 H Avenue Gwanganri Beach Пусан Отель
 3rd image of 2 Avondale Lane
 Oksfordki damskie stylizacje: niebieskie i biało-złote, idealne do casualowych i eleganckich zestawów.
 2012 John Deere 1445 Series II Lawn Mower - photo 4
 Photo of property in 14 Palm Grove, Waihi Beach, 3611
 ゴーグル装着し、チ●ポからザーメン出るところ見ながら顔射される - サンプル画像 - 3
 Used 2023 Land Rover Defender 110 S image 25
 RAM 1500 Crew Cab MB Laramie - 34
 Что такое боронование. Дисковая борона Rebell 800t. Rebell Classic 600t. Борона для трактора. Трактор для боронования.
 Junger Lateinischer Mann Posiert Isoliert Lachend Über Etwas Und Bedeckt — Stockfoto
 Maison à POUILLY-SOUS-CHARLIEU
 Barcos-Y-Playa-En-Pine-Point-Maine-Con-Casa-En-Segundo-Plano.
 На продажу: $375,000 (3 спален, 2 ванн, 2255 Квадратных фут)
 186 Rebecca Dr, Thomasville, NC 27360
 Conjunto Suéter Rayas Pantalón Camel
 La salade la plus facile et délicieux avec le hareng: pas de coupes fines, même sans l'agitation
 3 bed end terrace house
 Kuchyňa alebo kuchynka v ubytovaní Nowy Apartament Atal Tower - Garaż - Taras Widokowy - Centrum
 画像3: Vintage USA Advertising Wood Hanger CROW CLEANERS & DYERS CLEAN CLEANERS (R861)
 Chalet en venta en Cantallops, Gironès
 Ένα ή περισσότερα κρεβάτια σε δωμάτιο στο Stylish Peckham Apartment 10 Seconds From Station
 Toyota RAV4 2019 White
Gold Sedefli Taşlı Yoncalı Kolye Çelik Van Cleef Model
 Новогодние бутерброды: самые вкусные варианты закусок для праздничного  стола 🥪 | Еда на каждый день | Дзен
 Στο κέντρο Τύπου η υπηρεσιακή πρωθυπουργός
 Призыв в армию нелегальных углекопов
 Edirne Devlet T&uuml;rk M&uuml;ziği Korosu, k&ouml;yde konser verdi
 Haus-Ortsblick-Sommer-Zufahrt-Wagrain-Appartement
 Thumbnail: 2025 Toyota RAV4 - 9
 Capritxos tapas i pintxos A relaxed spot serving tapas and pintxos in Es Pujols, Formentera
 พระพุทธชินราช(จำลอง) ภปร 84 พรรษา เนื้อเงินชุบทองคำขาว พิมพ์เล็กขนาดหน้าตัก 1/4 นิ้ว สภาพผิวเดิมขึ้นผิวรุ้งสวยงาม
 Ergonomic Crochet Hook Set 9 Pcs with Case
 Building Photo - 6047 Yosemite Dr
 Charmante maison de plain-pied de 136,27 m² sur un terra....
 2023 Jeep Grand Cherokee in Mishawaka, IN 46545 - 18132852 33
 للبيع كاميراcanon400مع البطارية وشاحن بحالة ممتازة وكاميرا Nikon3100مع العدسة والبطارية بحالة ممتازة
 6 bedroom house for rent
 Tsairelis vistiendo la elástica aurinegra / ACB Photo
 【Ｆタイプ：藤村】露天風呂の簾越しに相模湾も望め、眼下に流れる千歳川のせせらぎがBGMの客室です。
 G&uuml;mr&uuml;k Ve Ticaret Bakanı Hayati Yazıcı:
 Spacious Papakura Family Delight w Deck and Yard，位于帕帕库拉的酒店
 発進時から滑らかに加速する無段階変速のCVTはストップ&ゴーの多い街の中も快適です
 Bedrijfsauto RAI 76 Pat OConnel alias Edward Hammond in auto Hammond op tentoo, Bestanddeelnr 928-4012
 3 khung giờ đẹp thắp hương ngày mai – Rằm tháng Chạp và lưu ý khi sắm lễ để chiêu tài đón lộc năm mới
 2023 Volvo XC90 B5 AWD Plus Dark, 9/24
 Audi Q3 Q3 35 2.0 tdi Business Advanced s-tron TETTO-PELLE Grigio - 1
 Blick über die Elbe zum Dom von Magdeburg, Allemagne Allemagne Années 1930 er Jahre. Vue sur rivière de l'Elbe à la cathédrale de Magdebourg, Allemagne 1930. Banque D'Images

^^^^

THE TASK »
Output the records above exactly, from their first line through the line that contains "Что такое боронование.", and add nothing.

YOUR RESPONSE »
 H Avenue Gwanganri Beach Пусан Отель
 3rd image of 2 Avondale Lane
 Oksfordki damskie stylizacje: niebieskie i biało-złote, idealne do casualowych i eleganckich zestawów.
 2012 John Deere 1445 Series II Lawn Mower - photo 4
 Photo of property in 14 Palm Grove, Waihi Beach, 3611
 ゴーグル装着し、チ●ポからザーメン出るところ見ながら顔射される - サンプル画像 - 3
 Used 2023 Land Rover Defender 110 S image 25
 RAM 1500 Crew Cab MB Laramie - 34
 Что такое боронование. Дисковая борона Rebell 800t. Rebell Classic 600t. Борона для трактора. Трактор для боронования.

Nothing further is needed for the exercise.